I first create a hidden <input type="file" />
for the file input.
Next step is to create a drag-and-drop div
and attaching the onDrop
and onClick
event listeners to trigger the file input.
The tricky bit is to use event.preventDefault()
for the onDrop
event to prevent the browser from navigating away from the app and opening the file.
PDF Render
I used React-pdf , a React component built using PDF.js , a browser-based PDF library by Mozilla to handle PDFs.

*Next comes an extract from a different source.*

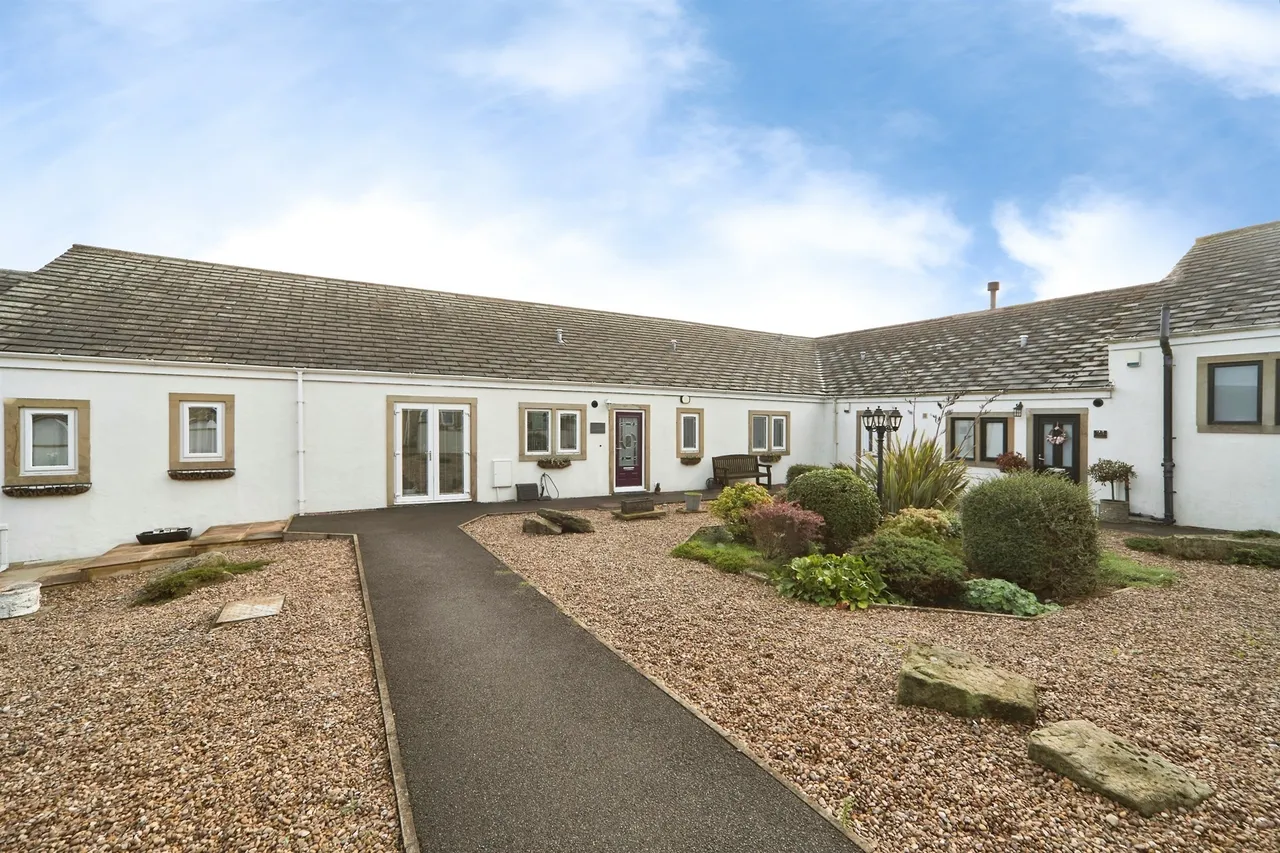 Halifax Road, Cullingworth, BD13, photo 2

A snippet of code for rendering the PDF in a div
:
<div>
<Document file={file}
onPassword={promptPassword}>
{Array.from(
new Array(numPages),
(el, index) => (
<Page
key={`page_${index + 1}`}
pageNumber={index + 1}
onRenderTextLayerSuccess={onTextLayerRender}
/>
)
)}
</Document>
</div>
A few important parameters used in the above snippet:
file
: This value is from the file inputonPassword
: Event handler to prompt user for the passwordonRenderTextLayerSuccess
: Event handler to invoke after page rendering is completed
The rendering process is done by the library and it involves creating and inserting span
elements into the HTML DOM.
Each span
element corresponds to a text element from the PDF and has the following properties:
innerHTML
: the text contentboundingClientRect
: a rectangle describing the position and size of the element using thex
,y
,width
andheight
properties.
After an element is created, I added a onClick
event handler to allow the user to select the element and execute the text selection logic.
CSV Download
For this part, I created an invisible anchor which can initiate file download:
<a ref={downloadLink} className="hidden" href="/">Download CSV</a>
Next, I define a custom function named renderCsv()
.
This function collects all the text elements which are not excluded in the PDF into an array strings.
Each element in the array corresponds to a record in the CSV.
The final step is to serialize the array into a Blob
for download and trigger the anchor which was created earlier.
function downloadCsv() {
const csv = renderCsv();
const blob = new Blob([csv], { type: "text/csv" });
downloadLink.current.download = csvFilename;
downloadLink.current.href = URL.createObjectURL(blob);
downloadLink.current.click();
}
Conclusion
A PDF file is like a random bag of text/images elements. Sometimes, the elements overlap each other, sometimes they are rotated, scaled or even sheared.
My initial implementation did not account for such transformations and resulted in missing text elements and elements appearing in the wrong order in my CSV output. The logic was way messier and complex than I would have desired but overall, I was happy that I manage to release an app that worked for most of my use cases.